*** Begin section ***
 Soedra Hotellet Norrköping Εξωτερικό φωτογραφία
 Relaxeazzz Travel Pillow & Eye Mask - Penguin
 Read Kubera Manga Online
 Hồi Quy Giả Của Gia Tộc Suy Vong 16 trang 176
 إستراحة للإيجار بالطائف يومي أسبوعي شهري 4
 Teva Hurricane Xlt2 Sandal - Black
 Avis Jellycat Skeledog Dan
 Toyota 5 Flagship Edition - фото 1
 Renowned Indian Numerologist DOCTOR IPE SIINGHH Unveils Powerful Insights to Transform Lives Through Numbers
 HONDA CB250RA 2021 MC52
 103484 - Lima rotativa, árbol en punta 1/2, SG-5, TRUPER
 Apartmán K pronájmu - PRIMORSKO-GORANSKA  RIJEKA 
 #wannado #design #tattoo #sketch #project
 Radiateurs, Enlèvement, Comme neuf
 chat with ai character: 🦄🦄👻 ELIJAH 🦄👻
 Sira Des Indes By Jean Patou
*** End section ***
▶ What to do
Word for word, write out the data.

▶ Result
 Soedra Hotellet Norrköping Εξωτερικό φωτογραφία
 Relaxeazzz Travel Pillow & Eye Mask - Penguin
 Read Kubera Manga Online
 Hồi Quy Giả Của Gia Tộc Suy Vong 16 trang 176
 إستراحة للإيجار بالطائف يومي أسبوعي شهري 4
 Teva Hurricane Xlt2 Sandal - Black
 Avis Jellycat Skeledog Dan
 Toyota 5 Flagship Edition - фото 1
 Renowned Indian Numerologist DOCTOR IPE SIINGHH Unveils Powerful Insights to Transform Lives Through Numbers
 HONDA CB250RA 2021 MC52
 103484 - Lima rotativa, árbol en punta 1/2, SG-5, TRUPER
 Apartmán K pronájmu - PRIMORSKO-GORANSKA  RIJEKA 
 #wannado #design #tattoo #sketch #project
 Radiateurs, Enlèvement, Comme neuf
 chat with ai character: 🦄🦄👻 ELIJAH 🦄👻
 Sira Des Indes By Jean Patou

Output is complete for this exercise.